Immediate potential complications include pain, bleeding, urinary retention, defecatory dysfunction, and urethral mucosal prolapse. The rare major complications occur mainly in elderly women due to a neglected or forgotten pessary. Factors include prolonged use (years to decades), vaginal atrophy, advanced age, cognitive impairment, change in health care provider, and residence transition. Erosion into or through the vaginal wall causes most major complications, such as pessary incarceration, vesicovaginal fistula, rectovaginal fistula, intraperitoneal bowel complications (rupture, obstruction), uremia, pyelonephritis, septicemia, cervical incarceration, small bowel prolapse and incarceration, and myiasis. Pressure can cause hydronephrosis, ureteral obstruction, and uremia. Chronic inflammatory reaction has been implicated in vaginal cancers. Removal of an impacted pessary is facilitated by vaginal estrogenization, and bone cutters have been useful.
Few long-term care facilities have personnel who change pessaries, although this is within the scope of nursing practice after appropriate training. Some facilities work with a knowledgeable nurse practitioner. Occasionally, a family member can accomplish this. Unfortunately, pessary changes usually require an office visit. Patients with dementia typically do well, but may incur distress. Topical lidocaine applied at the introitus and/or intravaginally alleviates fear and confusion. If anxiety persists, surgery may be a better alternative.
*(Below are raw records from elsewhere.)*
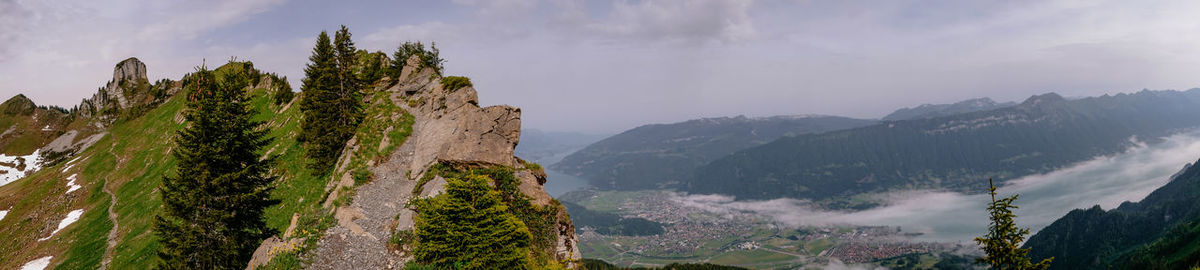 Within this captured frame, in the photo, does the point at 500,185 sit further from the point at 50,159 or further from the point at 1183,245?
the point at 1183,245

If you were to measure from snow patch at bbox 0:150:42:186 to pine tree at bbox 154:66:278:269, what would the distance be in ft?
401

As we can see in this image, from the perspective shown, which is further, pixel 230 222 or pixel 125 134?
pixel 125 134

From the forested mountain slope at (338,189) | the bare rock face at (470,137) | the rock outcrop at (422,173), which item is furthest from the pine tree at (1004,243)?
the bare rock face at (470,137)

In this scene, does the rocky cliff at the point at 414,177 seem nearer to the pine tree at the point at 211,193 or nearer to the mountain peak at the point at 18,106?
Result: the pine tree at the point at 211,193

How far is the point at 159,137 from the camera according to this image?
241 feet

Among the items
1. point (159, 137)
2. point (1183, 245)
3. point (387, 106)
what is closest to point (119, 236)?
point (387, 106)

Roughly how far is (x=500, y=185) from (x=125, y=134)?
351ft

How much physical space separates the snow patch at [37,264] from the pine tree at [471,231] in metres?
52.5

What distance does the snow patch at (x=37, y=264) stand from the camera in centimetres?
4440

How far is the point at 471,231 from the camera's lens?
66.8ft

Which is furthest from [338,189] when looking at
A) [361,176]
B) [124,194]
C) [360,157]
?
[124,194]

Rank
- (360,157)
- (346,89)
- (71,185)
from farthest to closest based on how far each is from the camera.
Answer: (71,185)
(346,89)
(360,157)

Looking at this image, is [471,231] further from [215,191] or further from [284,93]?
[284,93]

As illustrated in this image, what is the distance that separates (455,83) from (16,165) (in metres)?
137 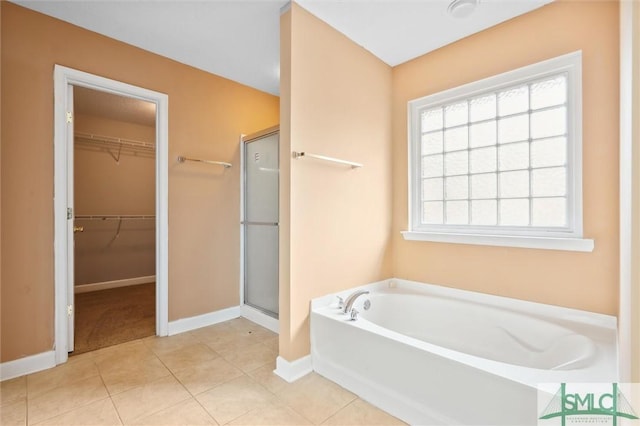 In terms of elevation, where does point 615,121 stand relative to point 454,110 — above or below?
below

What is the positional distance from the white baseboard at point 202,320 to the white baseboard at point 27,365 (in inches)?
29.6

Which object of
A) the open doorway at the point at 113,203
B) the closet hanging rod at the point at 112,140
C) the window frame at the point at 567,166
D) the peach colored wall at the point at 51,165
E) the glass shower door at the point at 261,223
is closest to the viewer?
the window frame at the point at 567,166

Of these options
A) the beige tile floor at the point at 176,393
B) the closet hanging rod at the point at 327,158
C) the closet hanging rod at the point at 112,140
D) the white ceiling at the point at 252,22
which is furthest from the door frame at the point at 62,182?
the closet hanging rod at the point at 112,140

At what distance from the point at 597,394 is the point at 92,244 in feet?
16.7

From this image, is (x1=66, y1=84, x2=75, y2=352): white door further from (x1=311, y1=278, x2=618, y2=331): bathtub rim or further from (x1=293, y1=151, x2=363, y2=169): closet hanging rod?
(x1=311, y1=278, x2=618, y2=331): bathtub rim

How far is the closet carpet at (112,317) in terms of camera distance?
2.40 meters

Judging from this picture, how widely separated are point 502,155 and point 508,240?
61 centimetres

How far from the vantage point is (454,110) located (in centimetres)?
236

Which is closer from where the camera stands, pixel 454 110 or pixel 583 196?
pixel 583 196

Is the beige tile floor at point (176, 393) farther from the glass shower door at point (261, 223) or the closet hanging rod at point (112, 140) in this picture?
the closet hanging rod at point (112, 140)

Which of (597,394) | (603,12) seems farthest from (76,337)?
(603,12)

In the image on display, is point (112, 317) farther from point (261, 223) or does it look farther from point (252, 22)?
point (252, 22)

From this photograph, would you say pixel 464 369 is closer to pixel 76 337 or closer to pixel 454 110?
pixel 454 110

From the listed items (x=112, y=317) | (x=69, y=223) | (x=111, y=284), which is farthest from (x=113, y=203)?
(x=69, y=223) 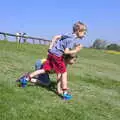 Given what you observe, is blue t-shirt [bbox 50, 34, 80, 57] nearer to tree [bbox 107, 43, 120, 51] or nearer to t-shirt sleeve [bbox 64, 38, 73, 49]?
t-shirt sleeve [bbox 64, 38, 73, 49]

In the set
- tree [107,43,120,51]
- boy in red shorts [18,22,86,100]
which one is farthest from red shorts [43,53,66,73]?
tree [107,43,120,51]

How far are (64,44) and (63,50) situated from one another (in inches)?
4.8

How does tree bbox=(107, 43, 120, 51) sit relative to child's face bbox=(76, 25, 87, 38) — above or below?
below

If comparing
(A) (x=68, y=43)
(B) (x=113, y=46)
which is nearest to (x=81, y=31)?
(A) (x=68, y=43)

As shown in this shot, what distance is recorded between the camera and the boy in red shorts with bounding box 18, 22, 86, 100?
8500 millimetres

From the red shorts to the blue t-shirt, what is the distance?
0.28 ft

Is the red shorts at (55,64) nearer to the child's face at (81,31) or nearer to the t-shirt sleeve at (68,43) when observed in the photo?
the t-shirt sleeve at (68,43)

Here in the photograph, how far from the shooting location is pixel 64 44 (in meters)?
8.56

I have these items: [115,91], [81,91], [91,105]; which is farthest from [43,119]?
[115,91]

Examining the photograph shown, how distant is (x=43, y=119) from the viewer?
689 cm

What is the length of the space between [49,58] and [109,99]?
1813 millimetres

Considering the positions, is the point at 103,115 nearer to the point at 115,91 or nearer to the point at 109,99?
the point at 109,99

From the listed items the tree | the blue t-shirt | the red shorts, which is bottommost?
the tree

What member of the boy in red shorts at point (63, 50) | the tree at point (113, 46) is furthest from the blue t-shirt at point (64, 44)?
the tree at point (113, 46) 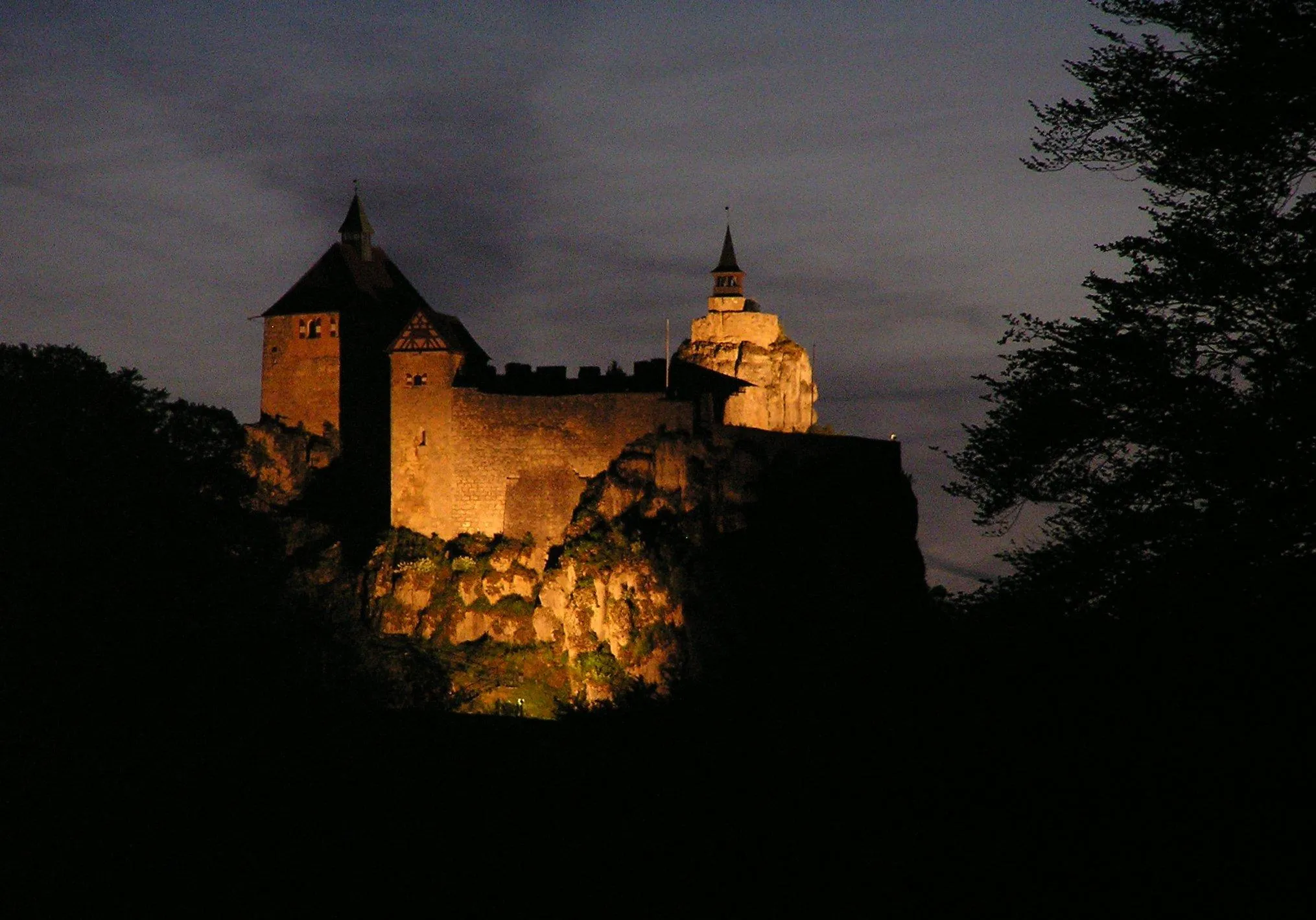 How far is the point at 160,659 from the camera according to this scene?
25.1 meters

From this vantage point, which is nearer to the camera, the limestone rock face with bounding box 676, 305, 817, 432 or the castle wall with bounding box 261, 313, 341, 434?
the castle wall with bounding box 261, 313, 341, 434

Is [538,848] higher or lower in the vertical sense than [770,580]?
lower

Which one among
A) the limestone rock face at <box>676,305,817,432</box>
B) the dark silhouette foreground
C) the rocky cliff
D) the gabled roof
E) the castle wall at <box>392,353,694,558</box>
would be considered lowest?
the dark silhouette foreground

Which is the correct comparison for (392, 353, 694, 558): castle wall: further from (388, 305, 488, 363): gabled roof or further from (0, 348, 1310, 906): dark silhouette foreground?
(0, 348, 1310, 906): dark silhouette foreground

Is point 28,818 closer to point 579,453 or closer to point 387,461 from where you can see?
point 579,453

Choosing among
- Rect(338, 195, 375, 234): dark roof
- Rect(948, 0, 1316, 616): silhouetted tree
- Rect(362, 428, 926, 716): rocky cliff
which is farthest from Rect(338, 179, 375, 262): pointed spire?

With long-term pessary use pelvic support may improve. A pessary placed for a large prolapse may require downsizing after some months due to a smaller genital hiatus. A prolapse reduced for years may not recur for months or years after pessary removal, although most recur soon. If a pessary is used prior to a vaginal obliterative procedure such as colpocleisis, reevaluation of the prolapse prior to the date of surgery is wise, in case the planned procedure is no longer feasible.